I suggest keeping image storage very minimal: i.e. no text, since that can be handled by existing Wiki mechanisms (let people add comments *around* the image, on a normal wiki page) and benefits from all the infrastructure there is already. Perhaps a view with just name and image? The "name" could be the entire URL, to avoid problems with duplicate image names. In a way, this name/URL + image-data view then becomes nothing more or less than a cache (maybe a date could be added - note that MetaKit makes it easy to add such extra fields later). Taking this idea further, the wiki page could continue to contain the URL it currently holds - the cache would merely cause the generated HTML page to refer to another wiki page, of the special form "N.{gif,png,jpg}", perhaps.

I agree completely -- I've already got the image view with the two fields you suggest, and it is working just dandy. We'll see how this turns out... (Bryan Oakley)
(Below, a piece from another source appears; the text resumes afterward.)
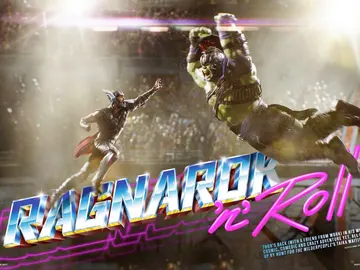 Imagen de 'Thor: Ragnarok' Imagen de 'Thor: Ragnarok'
The benefit and purpose of all this is that the one-file wiki becomes self-contained w.r.t. images as well, and that it would not be hard to support local Tk display as well, right?

Right. (Bryan Oakley)

For a very different approach to self-contained scripted documents with HTML and embedded images, see [L1 ] - it is based on Richard Hipp's Tkhtml widget. I'm mentioning it, because it could be a way to make WiKit properly support HTML locally one day.


-EE (2001/Jun/14) Corrected the URL reference to dok. Do any of the people who held the above discussion (nearly a year ago) feel like summarising the current state of affairs?